However, she also views other tasks involved in dubbing as something completely apart that require the construction of a totally different self; throughout her journal she highly regards the task of voice actors. However, she sees it as something distant, a thing apart from her that she would like to work with one day:

“I must be honest, definitely I would like to be a voice actress; all those glorifications I have made of Dubbing about are the unquestionable proof. Certainly, all the tasks involved in this work are very interesting and even praiseworthy, but I do love actor’s task over all the things and I admire them. I can recognize the voice of many of the actors; I like each of their particularities; and I would like to acquire those skills of creativity and beauty that they reflect in their voices”.

There are also traits of identifying herself to dubbing through her identity as a Colombian-by feeling proud that Colombia has a great reputation and goodwill in dubbing: “Nowadays, it has reestablished a little the level of performance that the actors must have in order to be genuine actors, and I am proud to say that they are some excellent voices able to compete with the ‘monster’ of Mexico”. However, she is very critical of the role of Colombia in dubbing and she explores solutions that would make Colombia an authority and leader in dubbing.

Ana: Approving and disapproving human actions

Ana’s discourse is reflective and critical of the “actions” of people portrayed in the news. She draws from news that is available and accessible. In this sense, her entries begin with introductory sentences such as “I heard (e.g. in the news)” or “I saw”. She is selective of news that causes a reaction by contrasting and comparing it to her own system of beliefs. She writes: “I love work in this journal because I learn a lot about myself, about the people, about how news can touch you, interest you, produce feelings like anger, happiness, incapacity.” Her identity is then built around what’s right or wrong to her. However, there is no evidence in the journal of what supports her system of beliefs and her criticism of some human actions. It is difficult to identify whether she displays a primary discourse or a secondary discourse. Primary discourses are learnt within the home and family and secondary discourses are learnt from being apprenticed to many groups and institutions (Gee, 1990, as cited by McCarthey, 2002). As a writer, she does not elaborate her ideas in depth; instead, her reflections have the characteristics of an oral discourse, process-orientated, lexically sparse but grammatically intricate (Halliday, 1985, as cited by Baynham, 1995).

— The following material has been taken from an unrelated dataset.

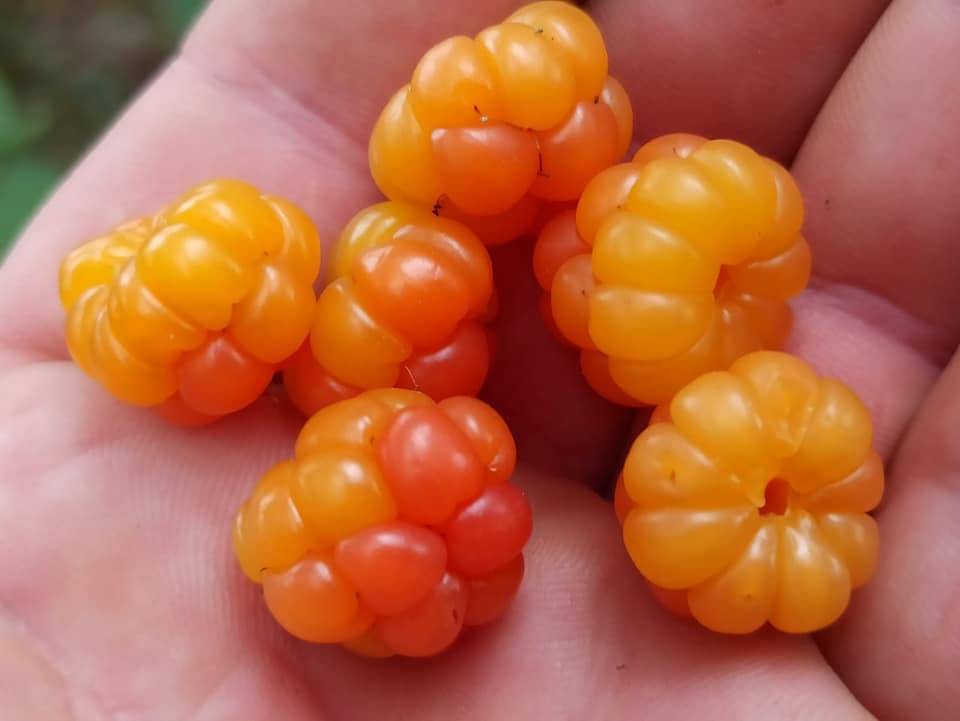 Noslēpumainās purva ogas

Pedro: Refining his political self

Pedro viewed writing as an important tool to learn about and refine his political self. He writes: “This exercise has been one of the best ones in the class and I know that it helped, has helped and will help my linguistic, personal and political development”. His discourse is very academic and persuasive. He draws from various voices he has encountered, “When looking at the world I see... All of the above is part of another process: my political formation; which have been motivated by several factors such us personal experience, moral and ethical formation, family, music, literature (an arts in general), some teachers, some friends and lots of lectures and books that have been providentially put in my hands”. From his quote, we can see how his discourse has been shaped and developed in continuous and constant interaction with others (Bakhtin, 1981, as cited by McCarthey, 2002). He builds his identity as a political being by aligning himself to the ideas of Latin American leaders who have struggled for justice and equality: “I certainly think that in all times there will be certain people that dream of a united and free ‘Afrolatinoamerica’ with enough room for Indigenous, Blacks, Whites and mix blooded people”. He reaffirms himself in the diversity that characterizes Latin America and rejects the political world leaders who encourage globalization.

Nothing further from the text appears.